The construct_inputs_embeds method (lines 88-226) is the core multimodal fusion function. It:
- Delegates image/video processing to the parent Qwen3VLModel.construct_inputs_embeds
- Processes audio features by extracting relevant audio segments based on input_ranges (sub-sequences assigned to this pipeline/sequence parallel rank)

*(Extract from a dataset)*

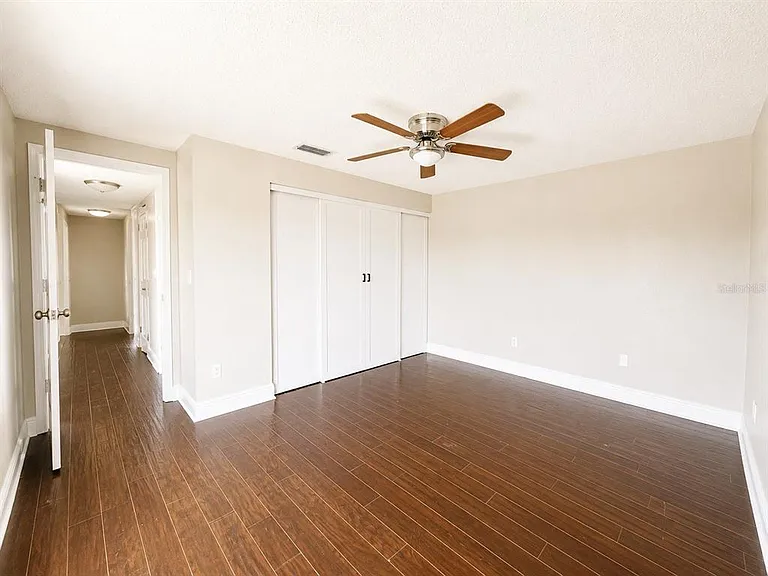 5104 Springwater Ct — Photo 26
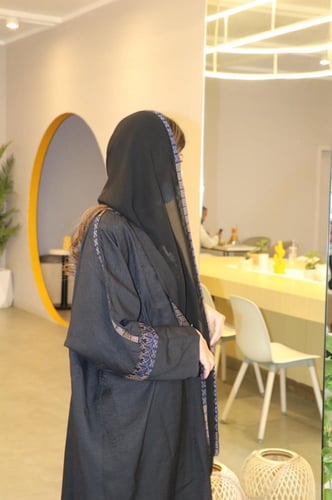 عباية بشت + شامل الطرحة مطرزة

- Runs the audio encoder on collected features
- Scatters audio embeddings back into the combined input embedding tensor using masked_scatter
The audio processing logic handles complex scenarios including:
- Multiple audio segments across batch samples
- Audio features split across sub-ranges in pipeline parallel settings
- Deduplication of audio features already processed in previous sub-ranges
- Proper index tracking for feature-to-embedding mapping
The forward method (lines 228-305) handles:
- Automatic rope index computation for all modalities (image, video, audio)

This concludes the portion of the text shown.